Work to complete → Your reply should contain the whole listing below, repeated exactly, and no images.

Data section →
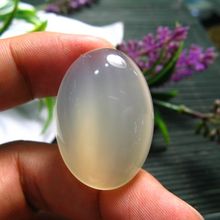 【蛋白石戒面】最新最全蛋白石戒面 产品参考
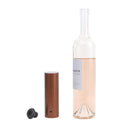 Gard'Vin ON/OFF Power Deluxe Vacuum System - L'Atelier du Vin
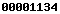 hit counter for blogger
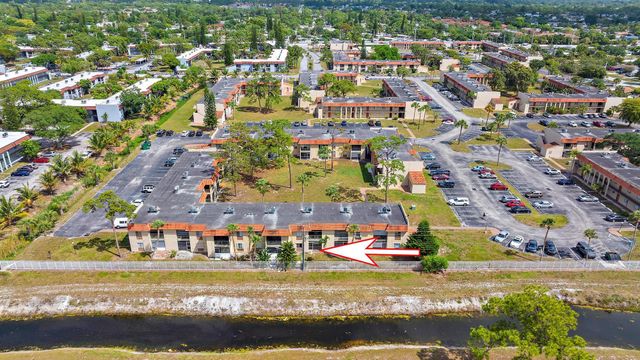 6120 NE Forest Hill Boulevard 103, West Palm Beach, FL 33415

Output of the task →
 【蛋白石戒面】最新最全蛋白石戒面 产品参考
 Gard'Vin ON/OFF Power Deluxe Vacuum System - L'Atelier du Vin
 hit counter for blogger
 6120 NE Forest Hill Boulevard 103, West Palm Beach, FL 33415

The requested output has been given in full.